## RECORDS FOR THIS TASK:
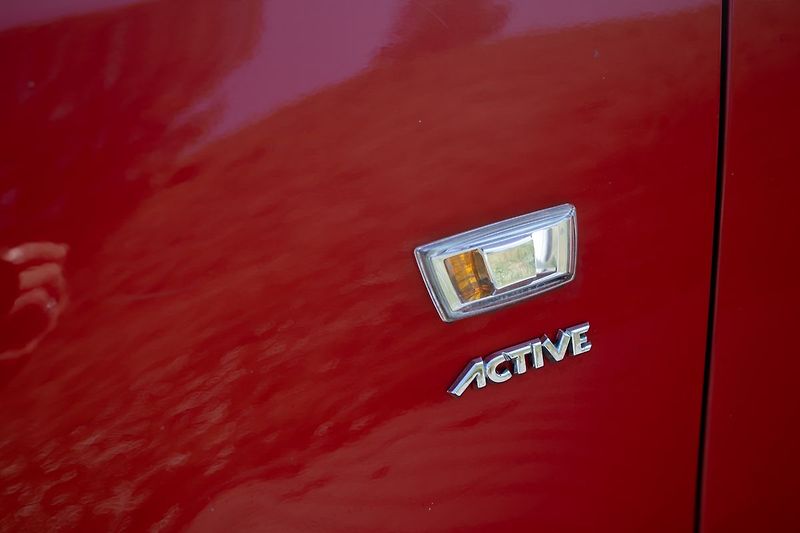 Opel Corsa Pravidelně servisované, velice - fotka 9 z 30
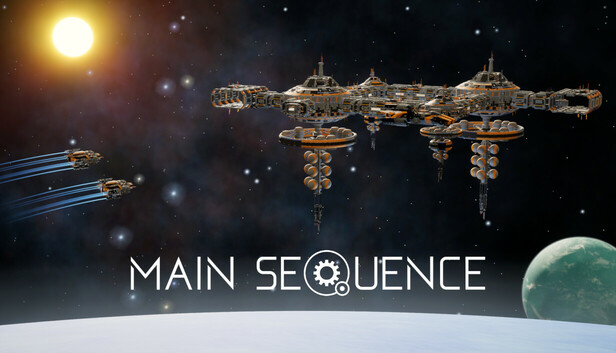 Main Sequence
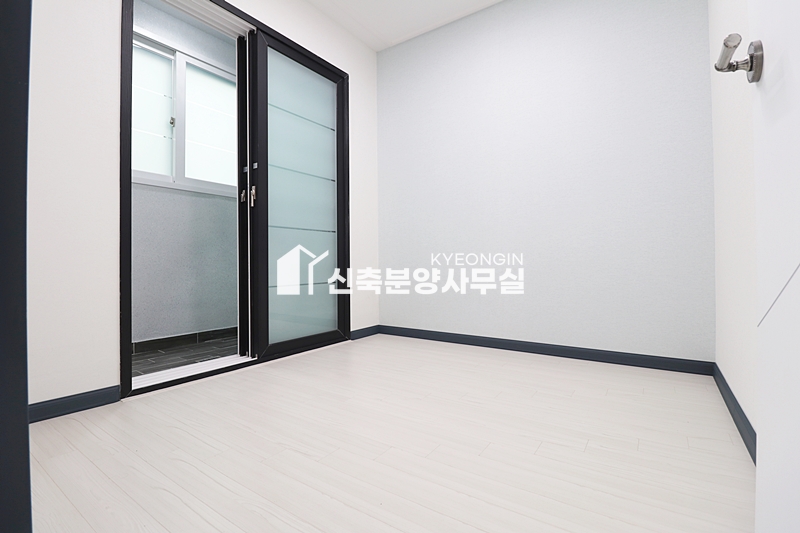 경기 부천오정구 원종동 다하임 [ 2룸 . 3룸 . 테라스 Type ] 분양 매물번호 12494 사진 25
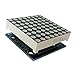 Produktbild Ecloud Shop® New MAX7219 Dot-Matrix-Modul DIY Kit SCM Control Module für Arduino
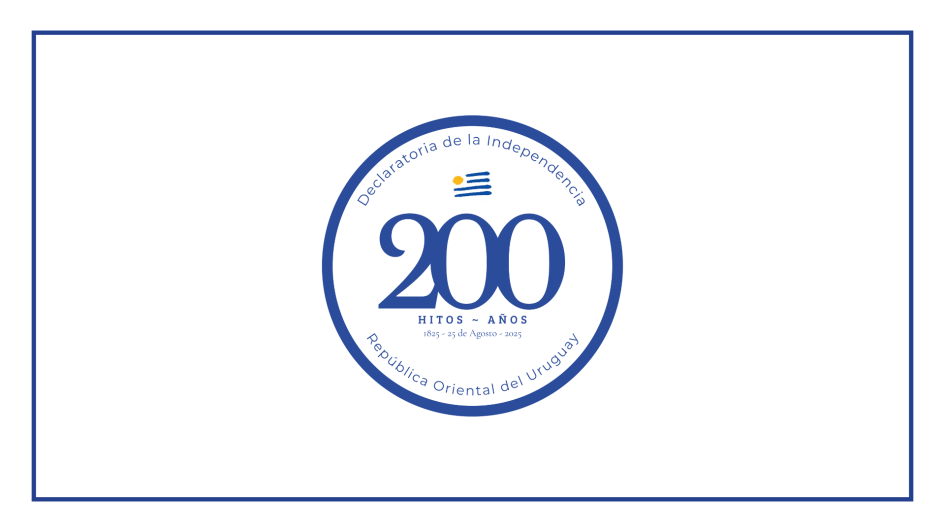 Proyecto "Uruguay: 200 hitos, 200 años" Proyecto "Uruguay: 200 hitos, 200 años"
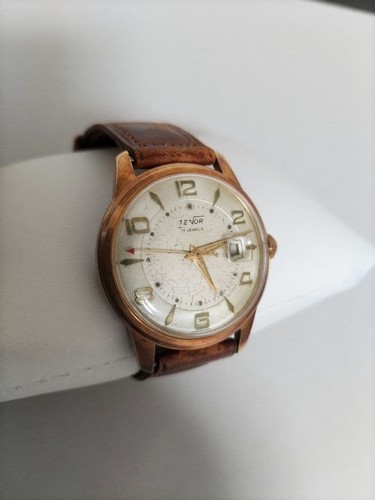 Orologio polso tenore - da,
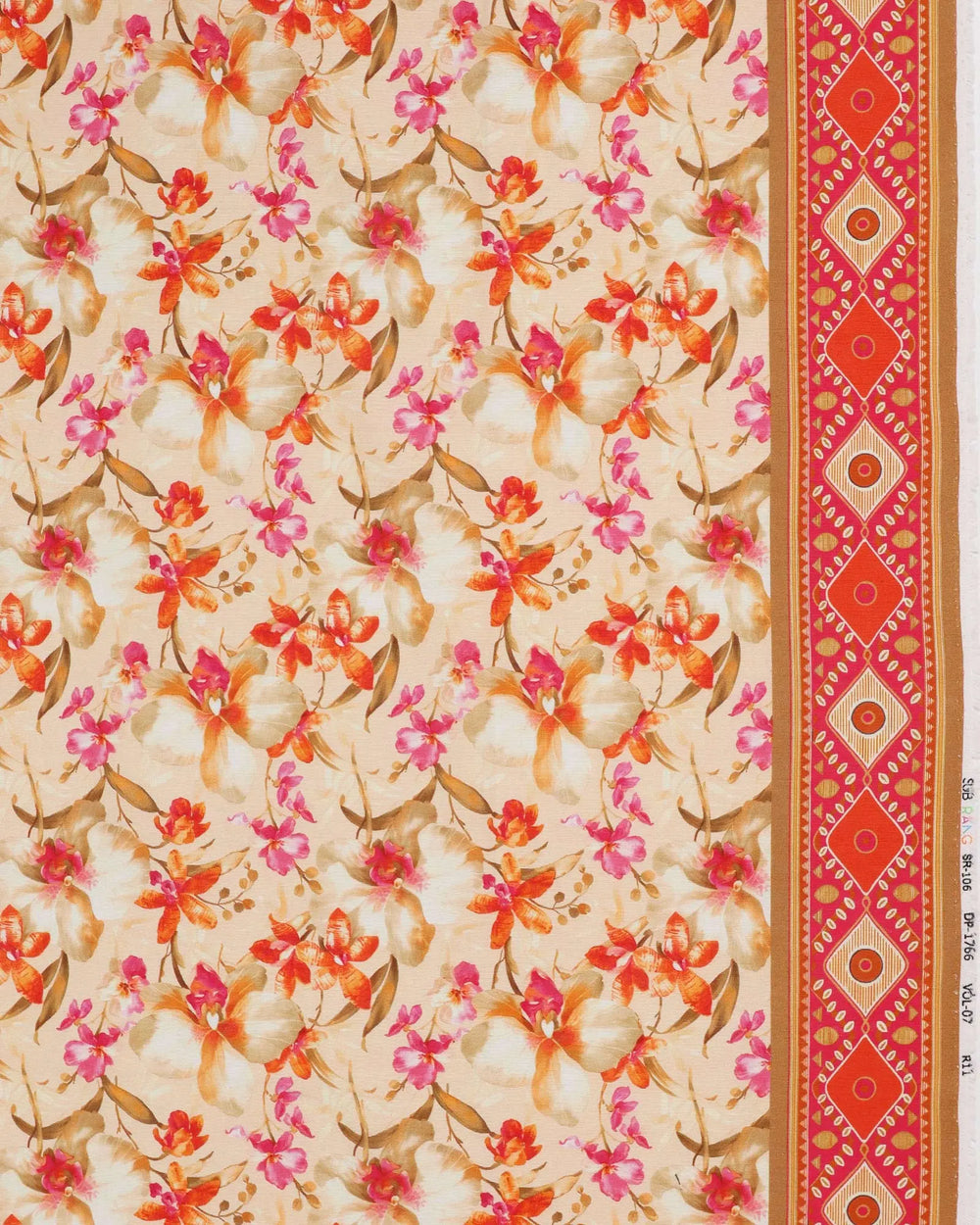 FREEDOM TO BUY | 15239 Sha Posh Textile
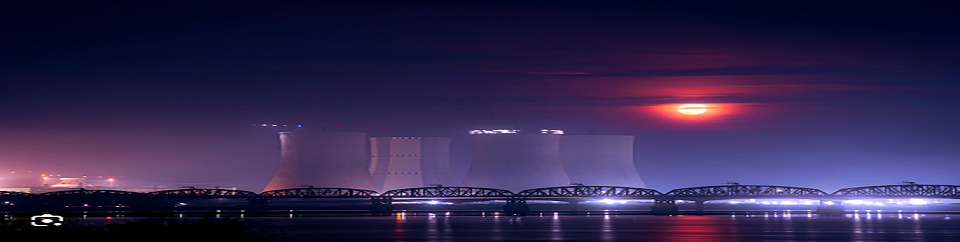 রুপপুর পরমানু বিদ্যুৎ কেন্দ্র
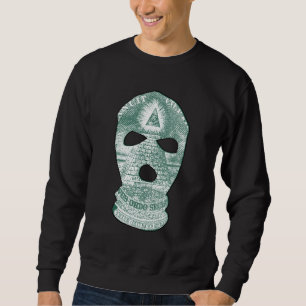 Ski Mask Way Sweatshirt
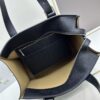 6930d8806e68136f4d9b176c Loewe Buckle Tote Bag, New Zip Version Men's Tote, Model 3050A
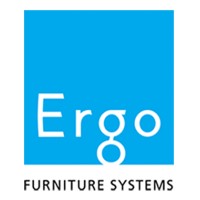 Ergo Furniture Systems logo - Similar company to Oh - Office At Home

## PROBLEM TO SOLVE:
Please write out the whole listing exactly, but not the pictures in it.

## OUTPUT OF THE TASK:
 Opel Corsa Pravidelně servisované, velice - fotka 9 z 30
 Main Sequence
 경기 부천오정구 원종동 다하임 [ 2룸 . 3룸 . 테라스 Type ] 분양 매물번호 12494 사진 25
 Produktbild Ecloud Shop® New MAX7219 Dot-Matrix-Modul DIY Kit SCM Control Module für Arduino
 Proyecto "Uruguay: 200 hitos, 200 años" Proyecto "Uruguay: 200 hitos, 200 años"
 Orologio polso tenore - da,
 FREEDOM TO BUY | 15239 Sha Posh Textile
 রুপপুর পরমানু বিদ্যুৎ কেন্দ্র
 Ski Mask Way Sweatshirt
 6930d8806e68136f4d9b176c Loewe Buckle Tote Bag, New Zip Version Men's Tote, Model 3050A
 Ergo Furniture Systems logo - Similar company to Oh - Office At Home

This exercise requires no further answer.